Sometimes A Pair of Pants Can Give You Vertigo
“Between the experience of living a normal life at this moment on the planet and the public narratives being offered to give a sense to that life, the empty space, the gap, is enormous. The desolation lies there, not in the facts.”
– John Berger, “A Man with Tousled Hair” in The Shape of a Pocket
[dropcap]A[/dropcap] few days ago, as I stepped into my pants to start the day as is my habit, I happened to notice the label at the waist band. It read “Gap,” and the sight of this word sent my mind spinning into a whirling contemplation of this void that lies at the center of life today, a subject that has disturbed me for a long time.
I had earlier that morning made the mistake of checking the news headlines on the computer. This too is a habit that I no doubt share with millions of other people. It is a dastardly habit no sane person should inflict on oneself. To rise from one’s night dreams and step into a litany of hyperbolic headlines shouting doom and gloom at every turn is to inject oneself with a poisonous drug before the sap of life has a chance to rise in one’s veins and one’s imagination might give birth to new possibilities.
Standing in my pants, I felt as though I were hovering over Berger’s enormous empty space, and if I didn’t wake up, I would tumble endlessly away. Thoreau’s words floated up: “To be awake is to be alive. I have never yet met a man who was quite awake. How could I have looked him in the face?”
So I stepped over the hole at my feet and tried to shake the monotonous clatter of the monstrous media’s messages from my mind. In my vertiginous state I dared not look in a mirror. So many of the media’s lying words that I had already ingested with coffee seemed to float around and within me in an unreality disconnected from the actual world, even the world they were ostensibly reporting on.
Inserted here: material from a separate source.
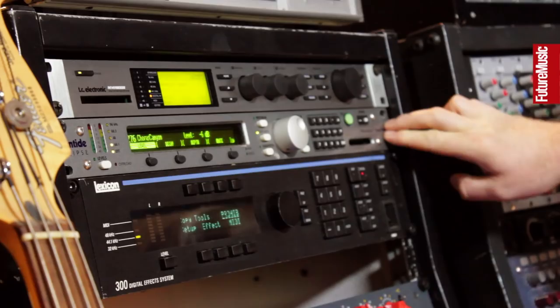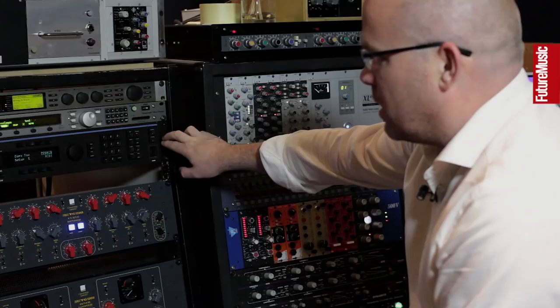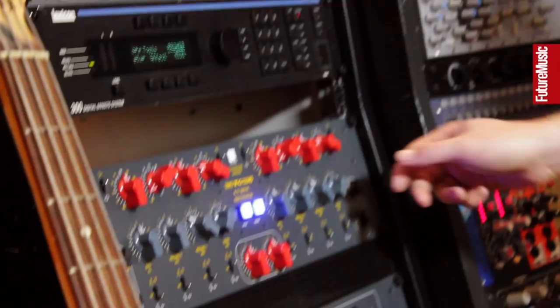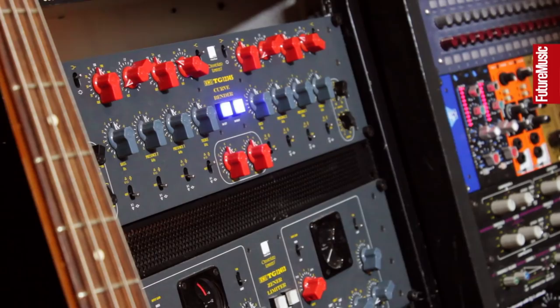We've got some great effects: a TC Electronic 2000, the Eventide Eclipse — a brilliant piece of kit — and a beautiful old Lexicon 300. If you're looking for a great reverb and you're just not getting the depth you need out of the plug-in stuff, do look these up — they're absolutely phenomenal. They've got great digital connections on the back as well.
I too had written many words about the drastic condition of our world today, thinking somehow my words, different from the corporate media’s, could move the world by pulling back the curtain that the powerful have created through clichés to conceal the sordid reality they have made of this beautiful earth. Yet the presentation of facts seemed to make no difference. Very little, if anything, made a difference. Most of those who read my words more or less already agreed with me. And many, even friends and family, just ignored them, anticipating that they would disturb them. And the mainstream publications shunned them like the plague.
Between my desire for a changed world and the world that seemed to change only for the worse lay the desolation Berger identified.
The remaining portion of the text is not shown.